Savarkar and Hindutva
Though delayed, justice has finally been done to the man.
After years of prevarication, the Bharatiya Janata Party has at last publicly and explicitly owned up Vinayak Damodar Savarkar as its cult figure. The BJP seeks to displace Gandhi from his position as the pre-eminent symbol of Indian nationalism and project, in his stead, Savarkar as a national hero. This is an enterprise, however, that is fraught with risk. The risk of the truth coming out in the open.
This book investigates the figure of Savarkar, the author of the term 'Hindutva'. What it finds does not add up to a flattering portrait. Savarkar rejected the inclusive, secular concept of 'territorial nationalism' and advocated the exclusivist, communal concept of 'cultural nationalism'. He repeatedly apologized and gave written undertakings to the government. He was directly connected to more than one murder. And most damagingly, as the book demonstrates in great detail, it was Savarkar who led the conspiracy to assissinate Mahatma Gandhi on that fateful winter evening of 1948.

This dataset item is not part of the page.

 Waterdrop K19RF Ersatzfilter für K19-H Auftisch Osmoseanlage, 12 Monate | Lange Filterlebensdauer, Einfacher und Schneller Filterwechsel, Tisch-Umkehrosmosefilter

Inimitably forthright and hard-hitting, A.G. Noorani builds a devastating case against Savarkar. With a wealth of information and historical detail, this book is a must for all those interested in modern Indian politics and the history of communalism in India.
Reviews
Noorani succeeds in bringing to the fore the tremendous gap between the precepts and practice of the Hindutva icon.
Himal Southasian
The book is exhaustively researched and vividly brings out both positive and negative sides of Savarkar. To that extent it is an important addition to the growing family of books on Hindu-Muslim relations in this country, which unfortunately threaten to tear apart the moral, social and economic fabric of India.
Business India
[This] book displays the many facets of a superbly skilful lawyer. A strong sense of evidence, hard investigative work, isolation and analysis of patterns of behaviour and regularities in the mass of evidence, backed up by a strong argument . . . in which law and morality inform each other.